** Source information follows **

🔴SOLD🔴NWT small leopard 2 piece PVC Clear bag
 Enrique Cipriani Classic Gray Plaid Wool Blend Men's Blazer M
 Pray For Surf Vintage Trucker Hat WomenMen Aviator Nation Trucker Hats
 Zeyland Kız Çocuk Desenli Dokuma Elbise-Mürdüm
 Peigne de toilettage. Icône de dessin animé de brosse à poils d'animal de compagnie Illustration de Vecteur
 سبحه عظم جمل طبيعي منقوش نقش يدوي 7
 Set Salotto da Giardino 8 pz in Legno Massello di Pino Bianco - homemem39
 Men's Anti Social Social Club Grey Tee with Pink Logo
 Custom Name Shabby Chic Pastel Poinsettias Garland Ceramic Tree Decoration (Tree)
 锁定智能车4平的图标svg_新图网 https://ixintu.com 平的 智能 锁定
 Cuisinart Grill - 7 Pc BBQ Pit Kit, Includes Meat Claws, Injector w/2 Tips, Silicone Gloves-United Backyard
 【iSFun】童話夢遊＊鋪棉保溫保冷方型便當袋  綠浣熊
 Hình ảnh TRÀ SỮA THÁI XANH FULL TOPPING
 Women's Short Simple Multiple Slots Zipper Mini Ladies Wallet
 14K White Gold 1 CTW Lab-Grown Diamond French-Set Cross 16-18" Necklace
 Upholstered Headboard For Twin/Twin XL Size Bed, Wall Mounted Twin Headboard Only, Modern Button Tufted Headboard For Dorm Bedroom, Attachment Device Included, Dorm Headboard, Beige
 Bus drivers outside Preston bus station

** End of Source information **

Work request – Every entry is to be restated word for word.

Solution –
🔴SOLD🔴NWT small leopard 2 piece PVC Clear bag
 Enrique Cipriani Classic Gray Plaid Wool Blend Men's Blazer M
 Pray For Surf Vintage Trucker Hat WomenMen Aviator Nation Trucker Hats
 Zeyland Kız Çocuk Desenli Dokuma Elbise-Mürdüm
 Peigne de toilettage. Icône de dessin animé de brosse à poils d'animal de compagnie Illustration de Vecteur
 سبحه عظم جمل طبيعي منقوش نقش يدوي 7
 Set Salotto da Giardino 8 pz in Legno Massello di Pino Bianco - homemem39
 Men's Anti Social Social Club Grey Tee with Pink Logo
 Custom Name Shabby Chic Pastel Poinsettias Garland Ceramic Tree Decoration (Tree)
 锁定智能车4平的图标svg_新图网 https://ixintu.com 平的 智能 锁定
 Cuisinart Grill - 7 Pc BBQ Pit Kit, Includes Meat Claws, Injector w/2 Tips, Silicone Gloves-United Backyard
 【iSFun】童話夢遊＊鋪棉保溫保冷方型便當袋  綠浣熊
 Hình ảnh TRÀ SỮA THÁI XANH FULL TOPPING
 Women's Short Simple Multiple Slots Zipper Mini Ladies Wallet
 14K White Gold 1 CTW Lab-Grown Diamond French-Set Cross 16-18" Necklace
 Upholstered Headboard For Twin/Twin XL Size Bed, Wall Mounted Twin Headboard Only, Modern Button Tufted Headboard For Dorm Bedroom, Attachment Device Included, Dorm Headboard, Beige
 Bus drivers outside Preston bus station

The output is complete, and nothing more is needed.